[Excerpts from a dataset]
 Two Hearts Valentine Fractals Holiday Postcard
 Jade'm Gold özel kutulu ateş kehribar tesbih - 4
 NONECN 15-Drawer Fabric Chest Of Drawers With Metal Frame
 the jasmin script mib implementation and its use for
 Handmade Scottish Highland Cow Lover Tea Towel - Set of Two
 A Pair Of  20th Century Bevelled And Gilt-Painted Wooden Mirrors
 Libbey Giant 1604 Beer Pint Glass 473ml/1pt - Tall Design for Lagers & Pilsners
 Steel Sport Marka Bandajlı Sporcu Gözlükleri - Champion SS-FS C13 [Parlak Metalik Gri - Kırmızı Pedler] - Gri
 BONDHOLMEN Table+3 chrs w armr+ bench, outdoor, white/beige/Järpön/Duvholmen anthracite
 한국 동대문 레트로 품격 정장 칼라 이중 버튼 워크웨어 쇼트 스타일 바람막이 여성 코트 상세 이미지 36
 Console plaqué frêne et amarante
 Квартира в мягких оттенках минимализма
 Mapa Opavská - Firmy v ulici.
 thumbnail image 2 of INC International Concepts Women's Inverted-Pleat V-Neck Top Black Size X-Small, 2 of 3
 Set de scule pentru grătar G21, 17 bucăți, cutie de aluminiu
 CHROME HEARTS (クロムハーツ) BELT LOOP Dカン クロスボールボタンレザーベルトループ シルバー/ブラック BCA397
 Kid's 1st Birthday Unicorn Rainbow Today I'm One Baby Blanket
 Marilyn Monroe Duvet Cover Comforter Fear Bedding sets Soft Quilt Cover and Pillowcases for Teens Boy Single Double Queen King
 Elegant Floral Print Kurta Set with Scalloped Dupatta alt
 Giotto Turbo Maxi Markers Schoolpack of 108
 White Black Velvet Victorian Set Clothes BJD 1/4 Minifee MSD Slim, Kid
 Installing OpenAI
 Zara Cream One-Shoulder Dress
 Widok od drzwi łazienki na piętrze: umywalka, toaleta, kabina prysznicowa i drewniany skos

Problem to solve -
Which lines hold the string "Black"? Copy all of them from the data above.

Solved exercise -
 thumbnail image 2 of INC International Concepts Women's Inverted-Pleat V-Neck Top Black Size X-Small, 2 of 3
 White Black Velvet Victorian Set Clothes BJD 1/4 Minifee MSD Slim, Kid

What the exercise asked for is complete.